→ What you should do:
What is wanted is every line below from the one with "คัดเลือก O/U บัตรเหลืองชั้นนำประจำวันที่" up to and including the one with "Thống kê giải", retyped exactly, pictures excluded, nothing else.
Segment Start: Given data
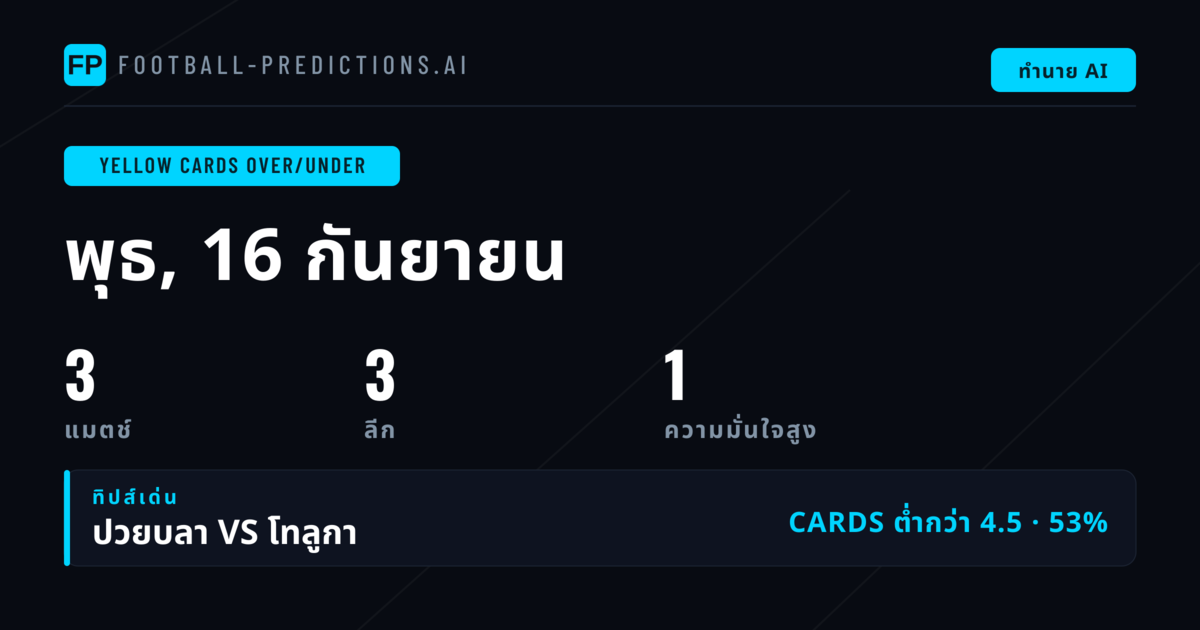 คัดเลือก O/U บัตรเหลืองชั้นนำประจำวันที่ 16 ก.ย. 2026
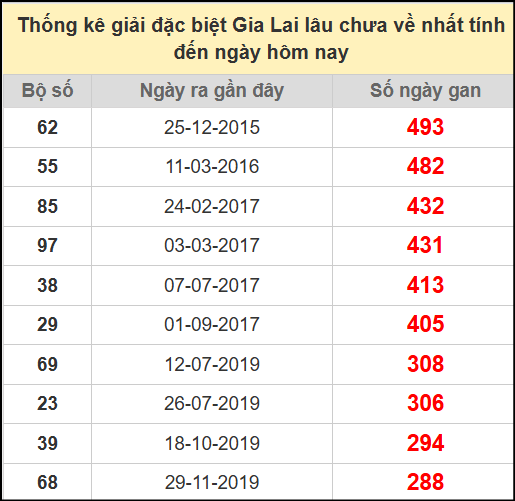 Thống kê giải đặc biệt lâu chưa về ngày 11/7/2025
Segment End: Given data
Segment Start: Given data
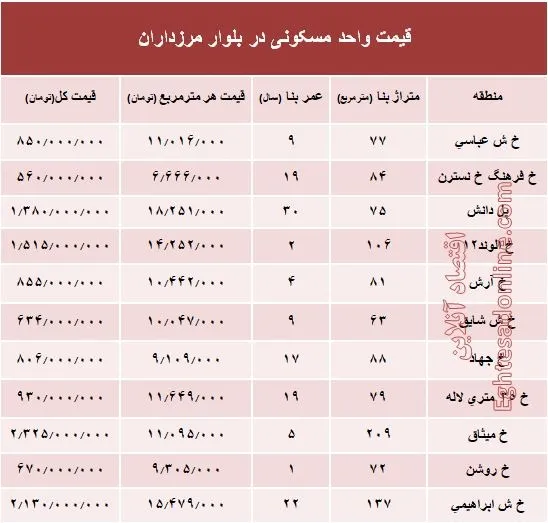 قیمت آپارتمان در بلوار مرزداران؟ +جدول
Segment End: Given data
Segment Start: Given data
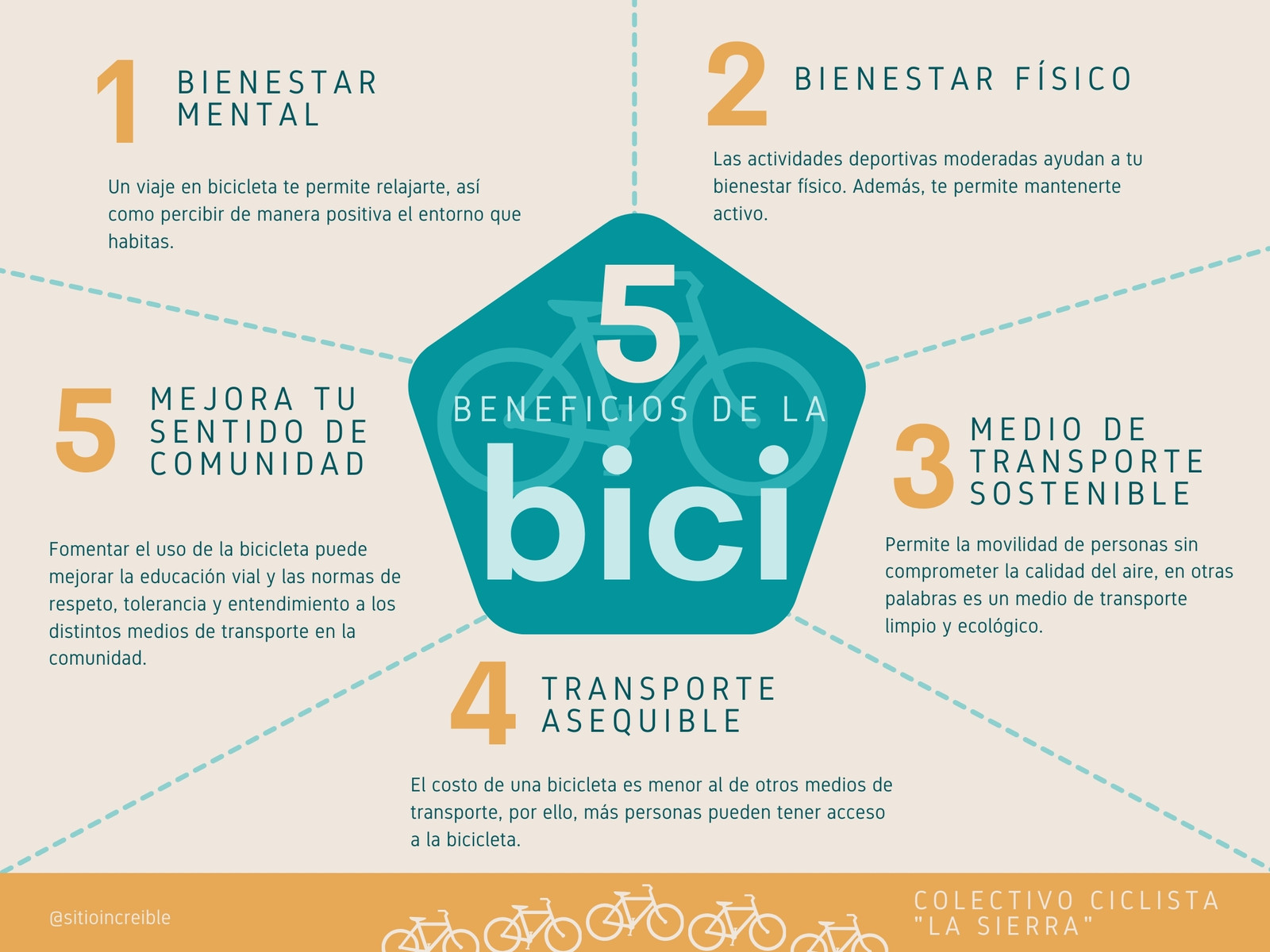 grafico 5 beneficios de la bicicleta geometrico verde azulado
Segment End: Given data
→ Response to the exercise:
 คัดเลือก O/U บัตรเหลืองชั้นนำประจำวันที่ 16 ก.ย. 2026
 Thống kê giải đặc biệt lâu chưa về ngày 11/7/2025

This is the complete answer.